What needs to be done:
Word for word, reproduce the listing that follows, excluding any pictures it contains.

Provided data:
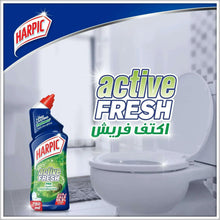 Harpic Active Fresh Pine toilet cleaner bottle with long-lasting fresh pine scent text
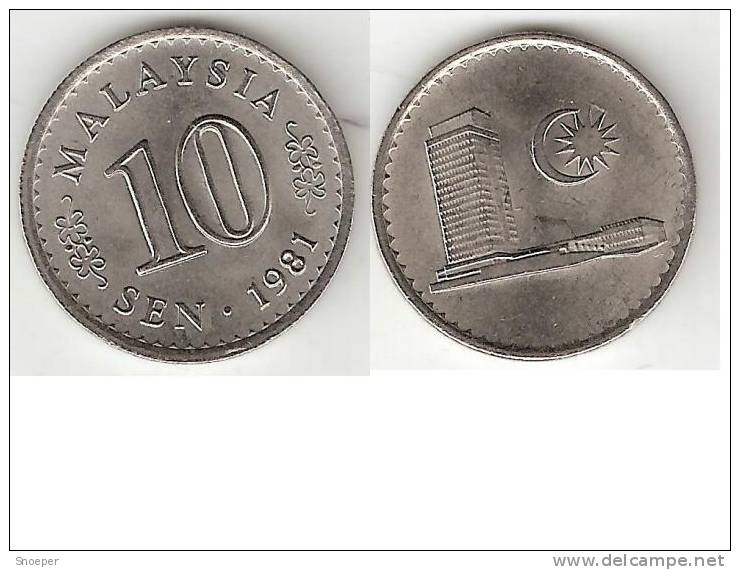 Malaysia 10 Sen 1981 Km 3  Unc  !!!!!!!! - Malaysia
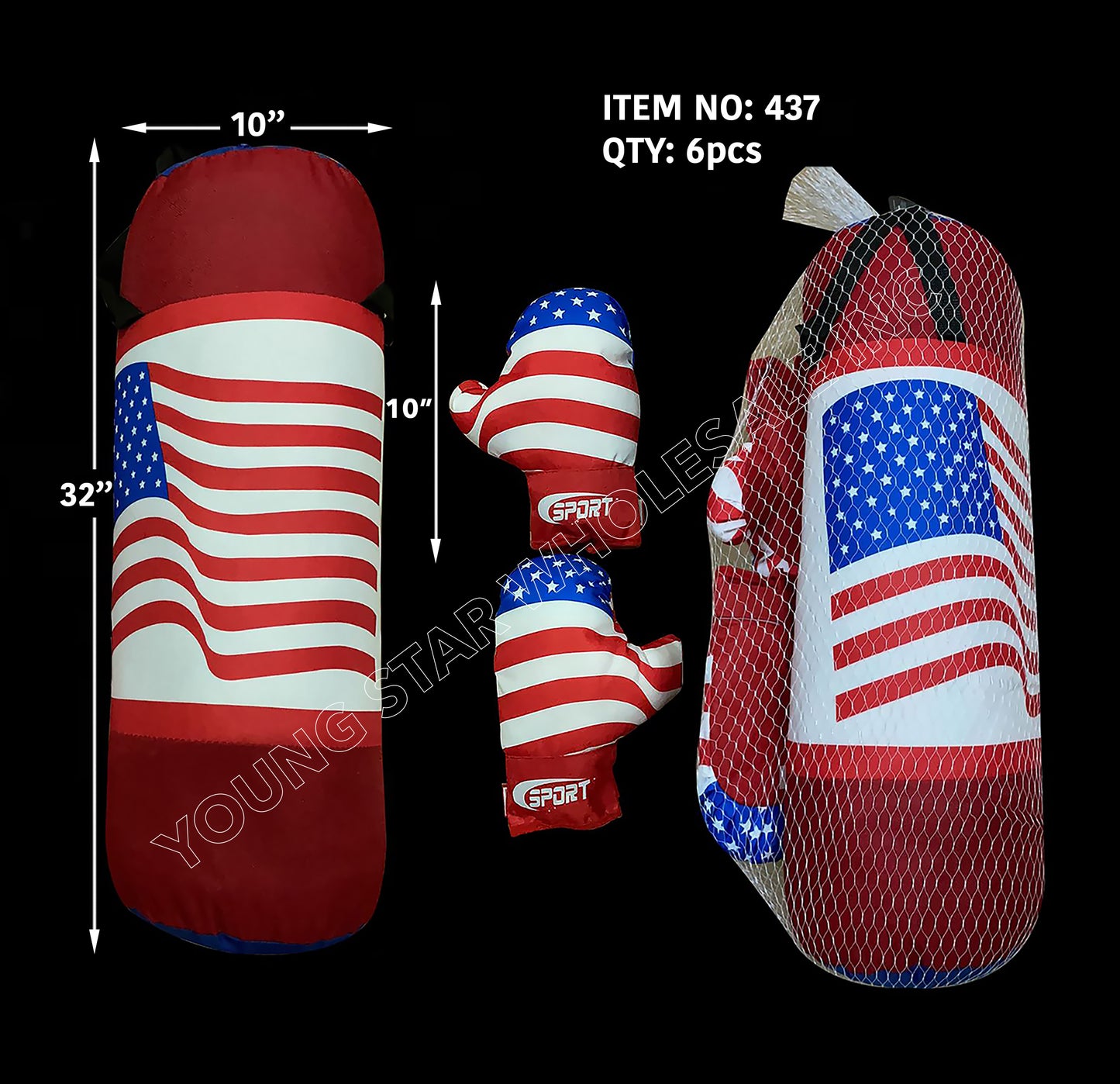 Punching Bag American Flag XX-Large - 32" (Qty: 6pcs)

Completed task:
 Harpic Active Fresh Pine toilet cleaner bottle with long-lasting fresh pine scent text
 Malaysia 10 Sen 1981 Km 3  Unc  !!!!!!!! - Malaysia
 Punching Bag American Flag XX-Large - 32" (Qty: 6pcs)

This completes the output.